Wir hatten ca. 10 - 12 Meter Sichtweite. Die Sten Trans lag leicht zur Seite geneigt auf dem Grund der Ostsee vor uns. Mit ihren 1233 Bruttoregistertonnen und einer Länge von 65 Metern, war sie wahrlich kein kleines Schiff. Wir tauchten an der Steuerbordseite in Richtung Bug. Das Wrack war dicht mit großen Seenelken bewachsen, die die unterschiedlichsten Farben hatten. Einige von ihnen hatten sich eingezogen und verbargen so ihre Schönheit. Sie fischten mit ihren filigranen Armen Plankton aus der Strömung und erschienen für diese raue Umgebung viel zu zerbrechlich. Das Schiff war über die Jahre zu einem künstlichen Riff geworden, an dem es vor Leben nur so wimmelte. Während wir dem Bug entgegen tauchten, beleuchteten unsere Lichtkegel an der Bordwand wunderschöne Stämme der weißen und gelben Toten Mannshand. An einigen Stellen wuchsen große Schwämme. Oft musste man nur genau hinsehen um überall auch die kleinen Attraktionen zu sehen. So fielen uns die kleinen rosaroten Nacktschnecken und die kleinen Polypen erst bei genauerem Hinsehen auf. Auch Wellhornschnecken und Einsiedlerkrebse waren an dem Wrack keine Seltenheit. Als wir am riesig erscheinenden Bug des Wracks ankamen, beleuchteten unsere Lampen einen kleinen Dorschtrupp, der in einer dunklen Ecke unter dem Bug stand. Unser Auftauchen löste eine Panik unter den Dorschen aus und sie verschwanden in einer Wolke aus aufgewühlten Sedimenten in der Dunkelheit der Ostsee. Auf der anderen Seite des Bugs entdeckten wir eine große, farbenprächtige Anemone mit ihren fleischigen Armen. Auf dem Rückweg an der Backbordseite bemerkten wir die vielen Pilker, die hier von Anglern abgerissen wurden. An der Bordwand entdeckten wir auch einen Röhrenwurm, der sich direkt nach dem Blitz meiner Kamera in seine Röhre zurück zog. Dann zogen die großen Laderäume der Sten Trans unsere Aufmerksamkeit auf sich. Mein Tauchpartner ließ sich in einen absinken und von oben sah ich nur noch den Lichtkegel seiner Lampe. Als wir wieder an den Aufbauten ankamen, waren wir schon 50 Minuten unten. Wir leuchteten noch einmal in den Maschinenraum hinein, der tief ins Wrack reichte und begannen dann langsam mit dem Aufstieg am Seil.

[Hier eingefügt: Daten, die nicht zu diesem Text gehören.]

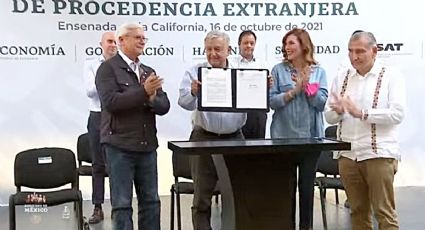 Firma AMLO decreto para regularizar autos ‘chocolate’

Langsam drang durch das Dunkel der Tiefe das Licht der Oberfläche. Wir hängten uns in 5 Metern mit den Karabinern unserer Reels an das Seil und machten unseren Stop. Sonnenstrahlen tanzten durch das Wasser und einige Ohrenquallen zogen mit den pumpenden Bewegungen ihrer Schirme an uns vorbei. Als wir die Oberfläche durchbrachen, hatte Otto die Sturmvogel in einiger Entfernung in Position gebracht. Wir ließen das Seil los und die Strömung trieb uns direkt auf die Leiter an der Backbordseite zu. Wir wuchteten uns an der Leiter aus dem Wasser und entledigten uns an Deck unserer schweren Ausrüstung. Während wir noch unsere Entdeckungen austauschten, wurde uns ein Teller Erbsensuppe gereicht und somit widmeten wir uns nach einem überwältigendem Tauchgang erst mal unserem leiblichem Wohl und freuten uns schon auf das nächste Wrack.